ÉDITORIAL. Plutôt que de sanctionner, par des droits de douane stratosphériques, le républicain devrait s’inspirer des ingrédients qui ont permis à la Suisse de mieux résister à la désindustrialisation occidentale: valeur ajoutée, haut de gamme, niches…
Régulièrement, une délégation américaine débarque en Suisse pour admirer son système de formation professionnelle. Quelques mois avant que Donald Trump ne retrouve les commandes de la Maison-Blanche et ne fasse voler en éclats l’ordre économique mondial, un accord a d’ailleurs été conclu entre Washington et Berne pour favoriser les échanges d’apprentis.
Dans sa quête obsessionnelle de rendre aux Etats-Unis leur grandeur industrielle d’antan, le républicain devrait surtout s’intéresser aux rouages du succès économique helvétique tant ils peuvent se montrer riches d’enseignements. Soumises à des coûts élevés, les sociétés exportatrices suisses sont en effet poussées en permanence à se surpasser pour survivre face à une concurrence internationale logiquement impitoyable.
Cette donne a priori défavorable a incité les entreprises à opter pour des activités et des niches à très haute valeur ajoutée, un positionnement facilité par un terreau fertile. Dans leur stratégie, les entreprises ont en effet pu s’appuyer sur un savoir-faire pointu dans la précision ou exploiter l’expertise chimique acquise au fil des siècles dans la région bâloise pour devenir des leaders mondiaux de l’industrie pharmaceutique ou de l’horlogerie. Les fabricants de garde-temps ont aussi pu capitaliser sur le «Swiss made», un autre ingrédient d’une réussite industrielle supérieure à la norme occidentale.
Test de résistance en vue
Associée à la qualité et à l’excellence, l’image de marque de la Suisse sert d’ailleurs même des entreprises qui ne respectent pas les critères du célèbre label. A commencer par l’entreprise zurichoise On Running, accusée d’user de manière abusive du drapeau suisse pour promouvoir des chaussures de footing fabriquées au Vietnam. Le chocolatier Lindt & Sprüngli est, lui, régulièrement épinglé pour produire ses célèbres lapins de Pâques dorés en Allemagne. Il n’en reste pas moins unanimement salué par les experts pour le positionnement haut de gamme qu’il a opéré.

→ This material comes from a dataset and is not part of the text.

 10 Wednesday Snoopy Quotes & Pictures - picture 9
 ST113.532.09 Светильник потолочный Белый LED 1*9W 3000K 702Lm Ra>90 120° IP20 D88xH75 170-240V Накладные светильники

Ces exemples témoignent des petits arrangements, voire des compromissions, que les exportateurs helvétiques font avec leur passeport à croix blanche pour survivre et prospérer. Quelle que soit la stratégie qu’elles vont adopter pour surmonter le nouveau test de résistance auquel le président américain les soumet, ces sociétés ont pourtant toutes en commun d’avoir délaissé des activités industrielles simples, inconciliables avec le profil économique de la Suisse.
Plus rompu à l’art du «deal» brutal qu’à la sidérurgie ou au textile, Donald Trump va à son tour buter sur cette réalité implacable, tandis que les ouvriers qui ont célébré à ses côtés la «libération économique» des Etats-Unis subiront une cruelle désillusion. A moins qu’ils ne soient prêts à aligner leurs salaires sur ceux de la Chine, du Vietnam ou du Bangladesh.